The lawsuit was filed by the Mexican American Legal Defense and Educational Fund known as MALDEF. While the settlement was reached last July, the details were not provided to the public until this month, according to a report at NPR.org last Tuesday.
NPR reported that Motel 6 “did acknowledge that guest lists were given to authorities but denied that senior management was aware of the practice.” The hotel chain also stated that, as of last fall, it had called for all locations to stop sharing guest lists with ICE (Immigration and Customs Enforcement).
The settlement will resolve the class-action lawsuit, filed in Phoenix last January on behalf of the registered guests. It alleges that Motel 6 devised a “corporate policy” that allowed certain hotel locations to give ICE agents guests’ personal information, a company rule that violated customers’ rights to privacy, as well as Motel 6’s own private policy. The plaintiffs assert that the corporate plan discriminated on the basis of race, by targeting Latinos.
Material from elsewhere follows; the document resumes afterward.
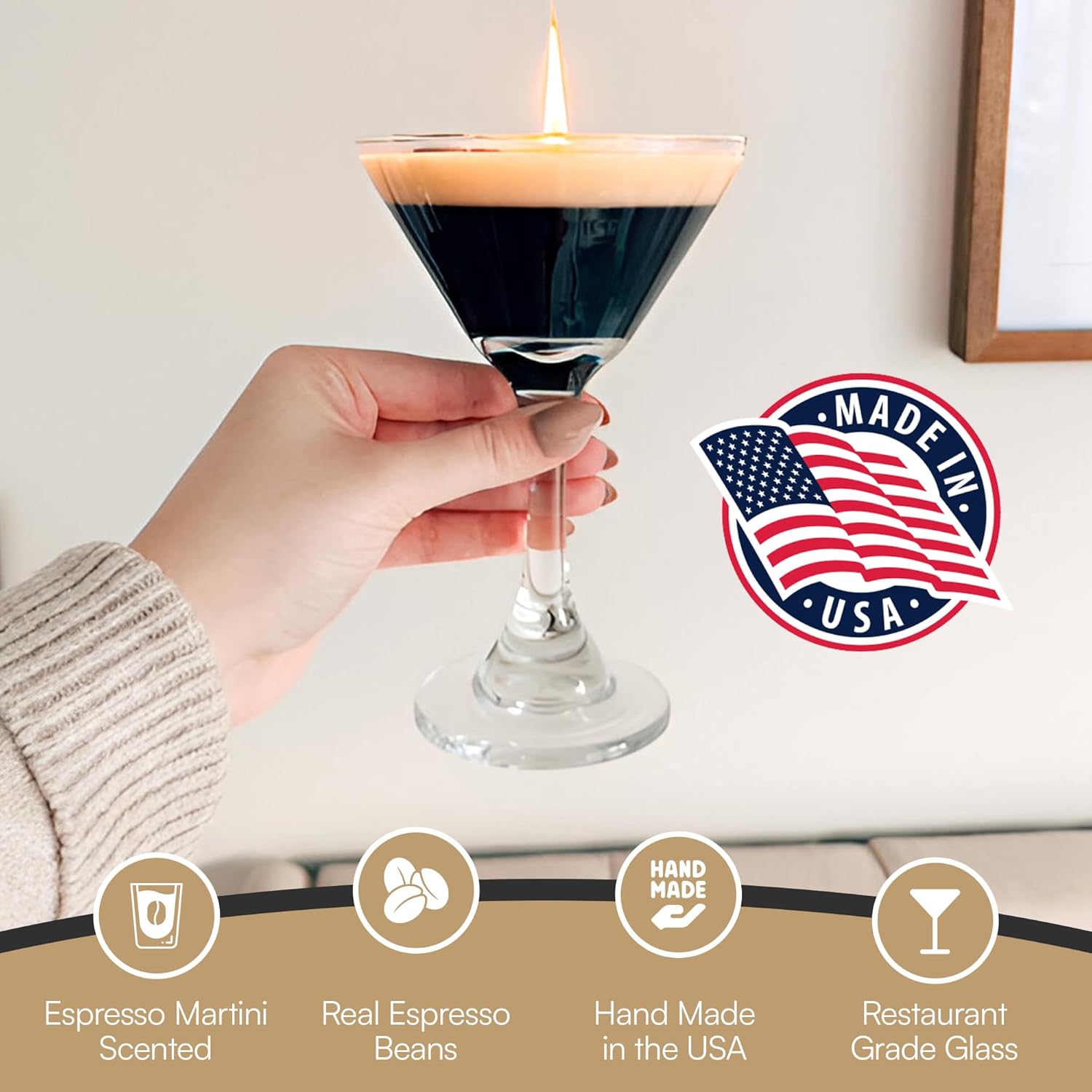Espresso Martini Candle - 925oz Glass Coffee Scent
Motel 6’s agreement to settle the case does not include any admission of wrongdoing, and the franchise company continues to deny that it had any illegal policies.
The tentative settlement agrees to pay anyone who had their information shared with immigration agents $50; anyone who was questioned by authorities as a result of their data being shared with ICE $1,000; and anyone who was placed in deportation proceedings not less than $7,500.”
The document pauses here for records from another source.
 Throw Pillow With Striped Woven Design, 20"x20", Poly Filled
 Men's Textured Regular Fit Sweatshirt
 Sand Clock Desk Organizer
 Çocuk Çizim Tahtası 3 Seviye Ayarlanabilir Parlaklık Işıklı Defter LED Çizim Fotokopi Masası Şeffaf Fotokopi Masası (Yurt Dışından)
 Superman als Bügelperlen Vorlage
MALDEF and Motel 6 issued a joint statement, according to NPR.org. It states that Motel 6 “fully recognizes the seriousness of the situation and accepts full responsibility for both compensating those who were harmed and taking the necessary steps to ensure that we protect the privacy of our guests.” As part of the agreement, Motel 6 has implemented additional controls to protect private information and enhance corporate oversight in cases where law enforcement requests information, including when lawful requests are made."
Blue MauMau reported last January that Washington state’s attorney general had also filed a lawsuit against Motel 6, alleging the national hotel chain instigated a corporate policy in 2015 that directed certain hotels to provide immigration enforcement agents with guests’ personal information, those who had familiar Latino names. Filed in King County Superior Court, the complaint states that some or all of the information the U.S. Immigration and Customs Enforcement (ICE) agents were seeking included the name, room number, guest identification number, date of birth, driver license number, and license plate number.
That alleged plot was that ICE agents would approach the receptionist and request a printed list of the names of guests. Motel 6 staff said they observed the agents circling those that were likely Latino. On a number of occasions, the officers made arrests after looking at the guests’ identity.
A New Times reporter was quoted by NPR saying that his publication had looked at all the cases and did not find that the persons had any outstanding warrants, and there weren’t any complaints filed. In addition, there were no signs that they were violating other laws while staying at the motels. He stated, “In other words, they weren’t bothering anybody.” He said he couldn’t see what problem it was causing for the motels to have them as customers.
The Washington state lawsuit filed by the Attorney General is still pending.